# Australian Beer Club



## wee stu (12/7/05)

came across this link recently Australian Beer Club

From the site, "You can now order boutique beers online without leaving your home or office. We stock an extensive range of boutique beers from leading and award winning micro-breweries across the country." 

I was just wondering whether anyone had heard of them, or had any dealings with them.


----------



## normell (12/7/05)

looks interesting Stu, but a bit on the pricey side tho, at $56+ per slab, PLUS delivery

Norm


----------



## Ross (12/7/05)

While on my trip round the Southern States, I met a guy called Greg who has an interest in www.beerlovers.com which does a similar thing - sending out mixed packs of micro brews each month - Their site doesn't seem to be up & running at the moment, but maybe well worth bookmarking...


----------



## deebee (12/7/05)

Good on em. Hope they do well.

International Beer Shop does something similar and a bit cheaper if you are in Perth. 

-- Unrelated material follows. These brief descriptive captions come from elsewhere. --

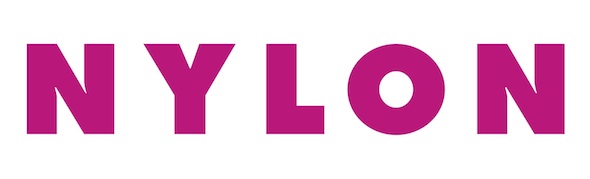 Pinknylon_logo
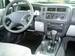 Preview Mitsubishi Montero Sport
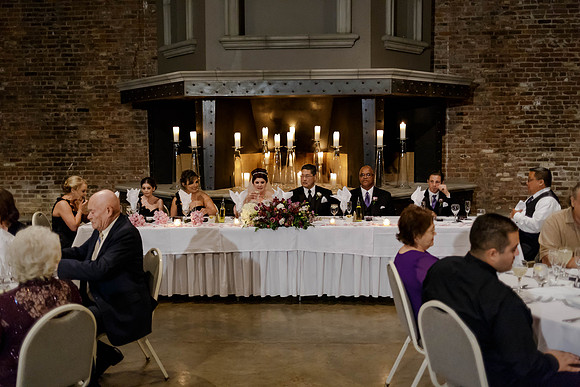 CandaceMikeWed277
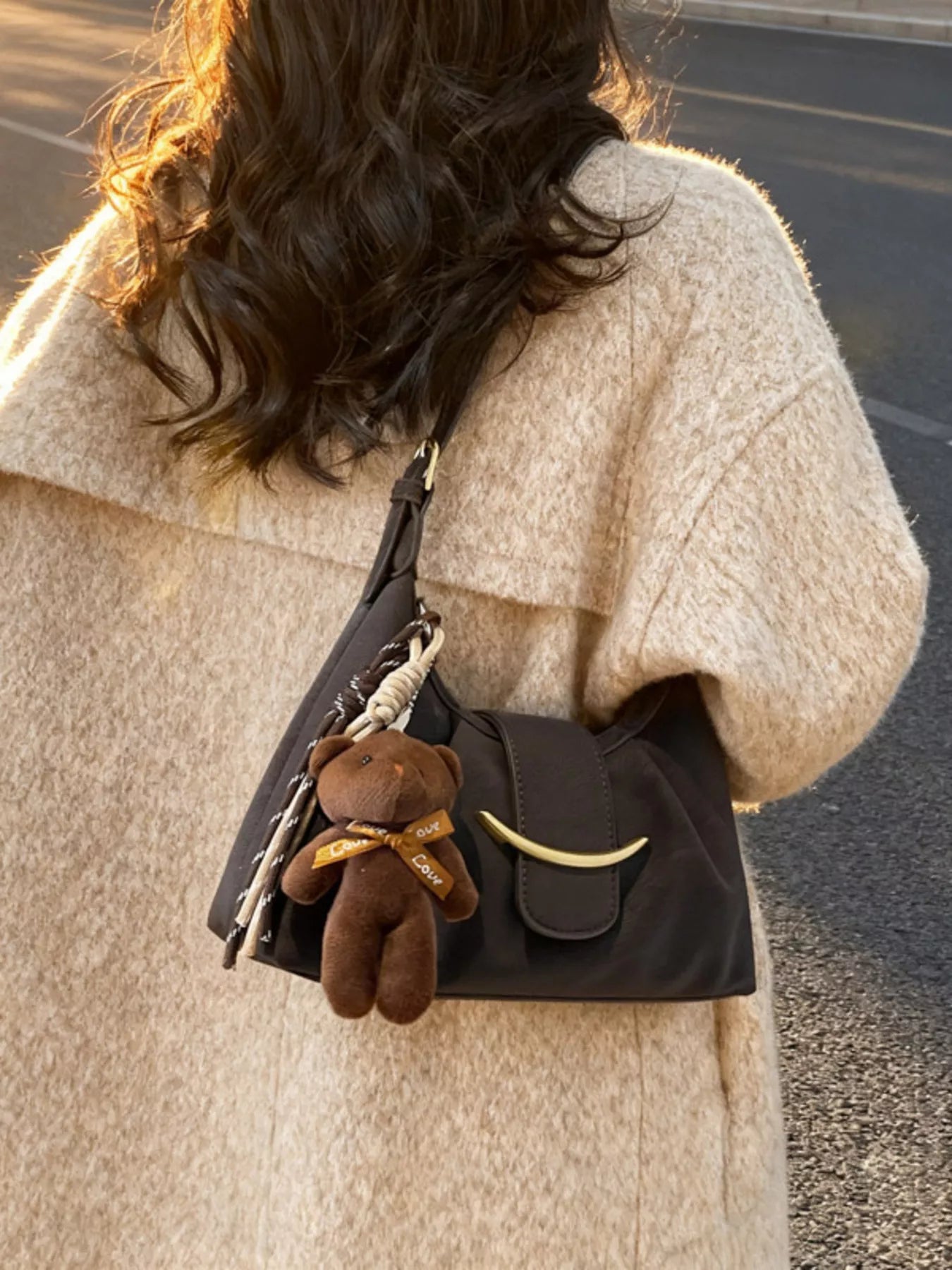 20416dc65db84895b835af6c9abfa0fd-Max-Origin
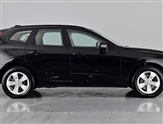 Volvo XC60 Image 3
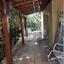 5 bedroom detached house for sale makedonitissa nicosia 1330866 thumbnail 12886356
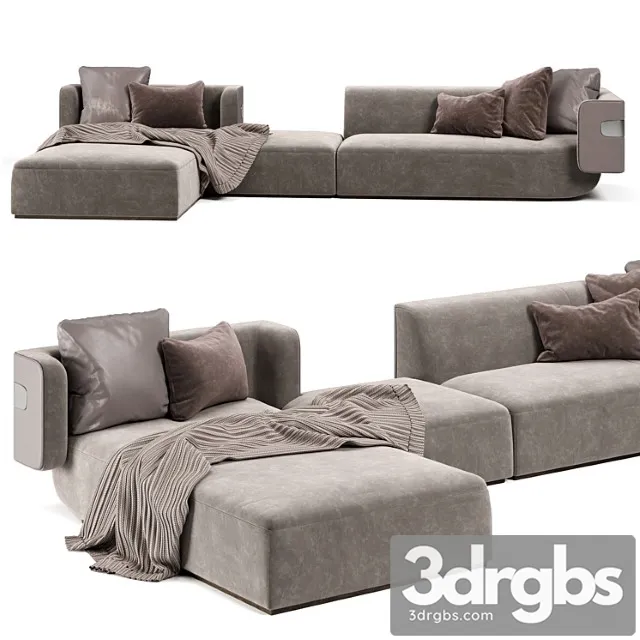 Longhi mi sofa 2 Free Download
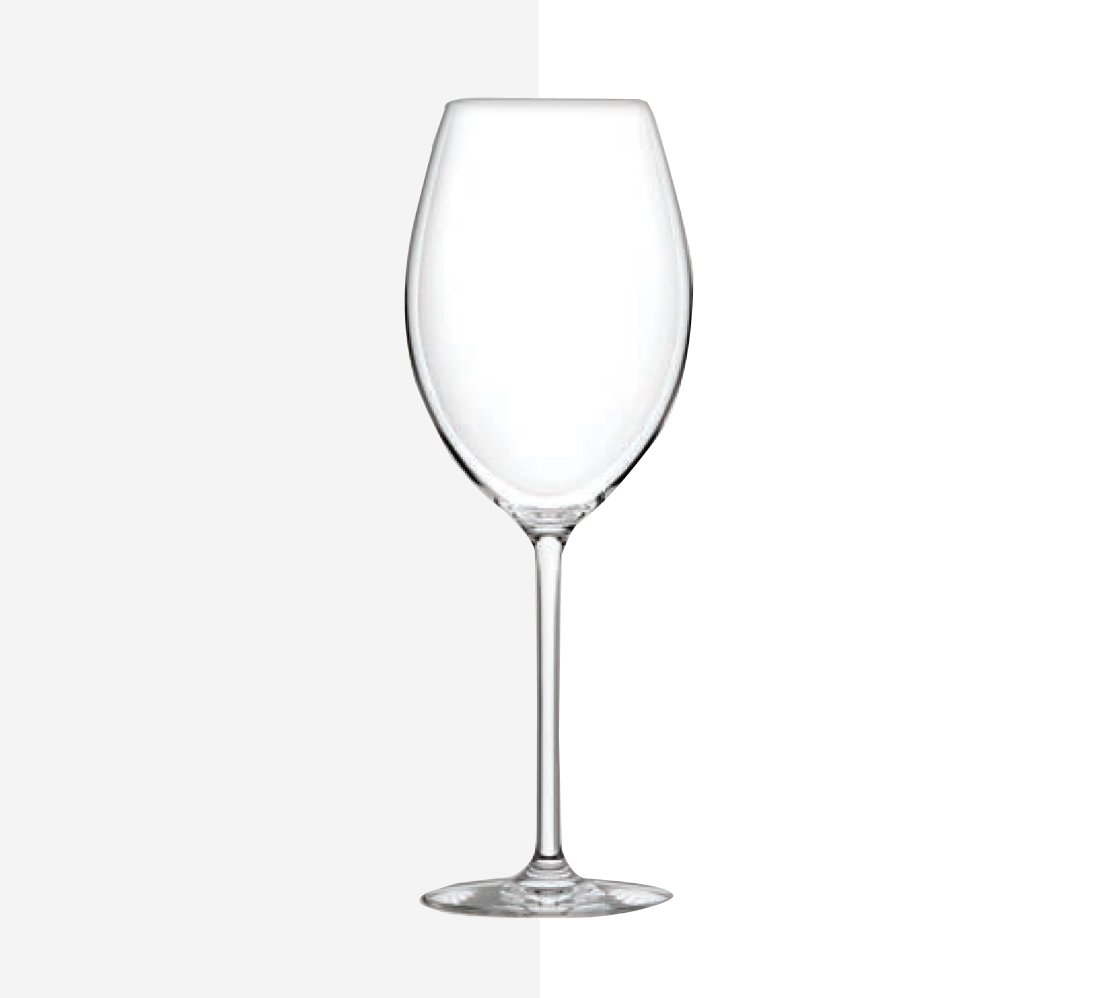 LAVISH-COLLECTION-Lucaris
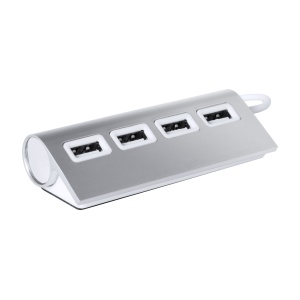 AP™ Hub Usb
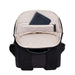EAN 4260403579381 - Rivacase 8521 33,8 cm (13.3") Mochila Negro imagen 11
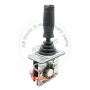 ACM PART Industrial Joystick for replacement of GE-20424 ACM PART Industrial Joystick for replacement of GE-20424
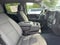 2022 Chevrolet Silverado 1500 Crew Cab Short Box 2-Wheel Drive Custom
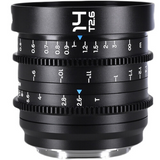 Laowa 14mm T2.9 Zero-D VV Cine Lens Price in Pakistan - W3 Shopping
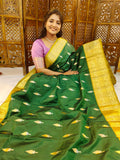 ASHA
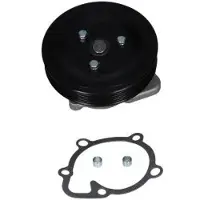 KAVO PARTS HW-1061 Waterpomp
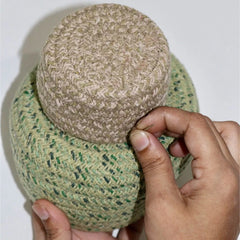 Tree Basket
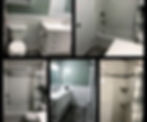 scotts bathroom.jpg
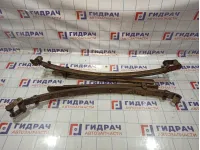 Рессора задняя Hyundai Porter 55100-4B700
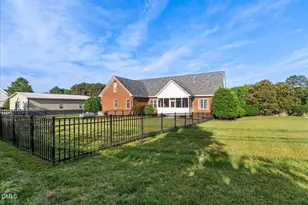 514 Averette Rd, Rolesville, NC 27571 - Photo 14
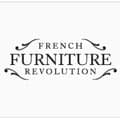 French Furniture Revolution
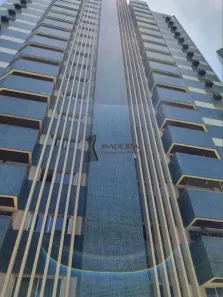 Apartamento com 3 Quartos à venda, 127m² no Zona 07, Maringá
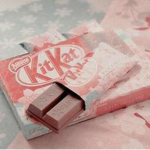Chocolate Inc.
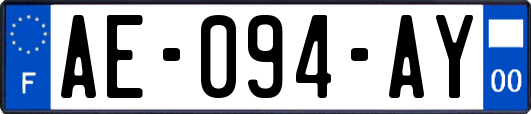 AE-094-AY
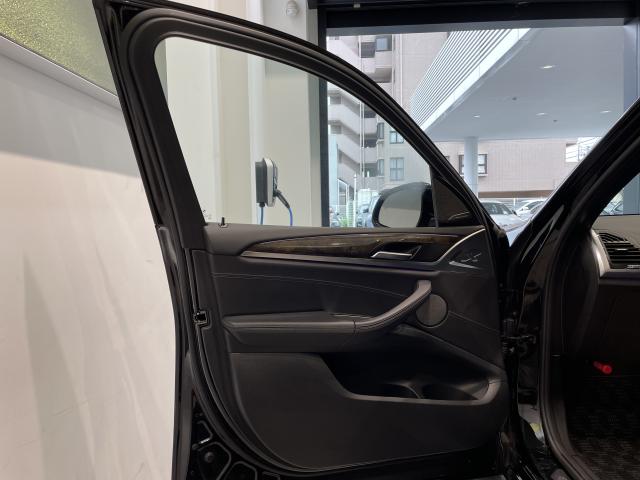 ＢＭＷ Ｘ３ ｘＤｒｉｖｅ ２０ｄ Ｍスポーツ 5万Km 399.0万円 2020年式[208]の中古車詳細(愛知県)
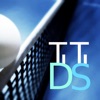 T.T. Digital Score icon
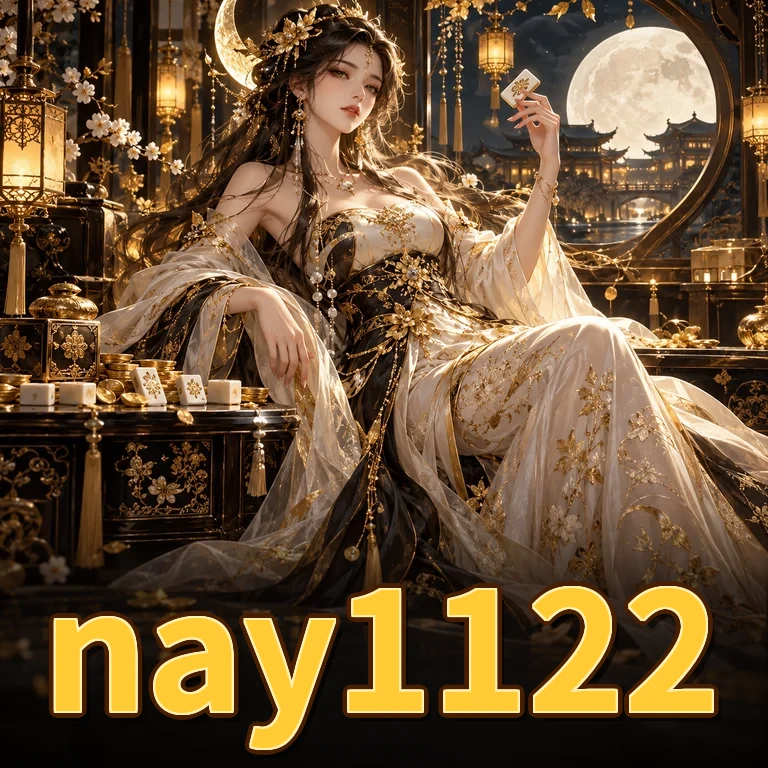 Jam bantuan nay1122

(WTF is a "boutique" beer? Isn't that Crown Lager?)


----------



## wee stu (12/7/05)

deebee said:


> (WTF is a "boutique" beer? Isn't that Crown Lager?)
> [post="66974"][/post]​



From that eminent journal of beer connoisseurs FHM :blink: : "Boutique beer" is another way od saying "very hard to find"  

Waiting a reply from Australian Beer Club re their delivery costs.

Also sometimes worth a look is Beer king, especially if you are in Adelaide 'cos delivery to the CBD is free, and they will do C.O.D. - not so hot on Aussie beers this lot, though.


----------



## wee stu (12/7/05)

Ross said:


> While on my trip round the Southern States, I met a guy called Greg who has an interest in www.beerlovers.com which does a similar thing - sending out mixed packs of micro brews each month - Their site doesn't seem to be up & running at the moment, but maybe well worth bookmarking...
> [post="66969"][/post]​



is this the site you are thinking of Ross ? Beer Lovers


----------



## Guest Lurker (12/7/05)

SWMBO got me a 1 year supply from beerlovers. Almost all the beers were true micro brewery beers although the last pack had the James Boag honey porter in it. Most of them were slightly "fringe micro" beers. Although labelled with some kind of brewery type label when you read closely you find "brewed for Slow Foods by Montain Goat" or something similar. Interesting range of quality, some quite well balanced and enjoyable, if a little dumbed down for the mass market, others with some pretty obvious faults that wouldnt get far in a brewing competition. Interesting to try, and enjoyed seeing what micro beers are around in the E states, but when the 1 year ran out I wasnt keen on renewing.


----------



## Airgead (13/7/05)

wee stu said:


> Waiting a reply from Australian Beer Club re their delivery costs.
> 
> [post="66979"][/post]​



I had a look last night. Put a few combinations of ceses and wnt through the checkout as far as it took to calculate the shipping.

Looks like the first case is $9.50 then $5/case after that (to Sydney anyway). It may get cheaper if you buy more but I stopped experimenting at 4 cases.

Makes the quarterly tasting pack a bit pricey at $65.50 including postage.

Cheers
Dave


----------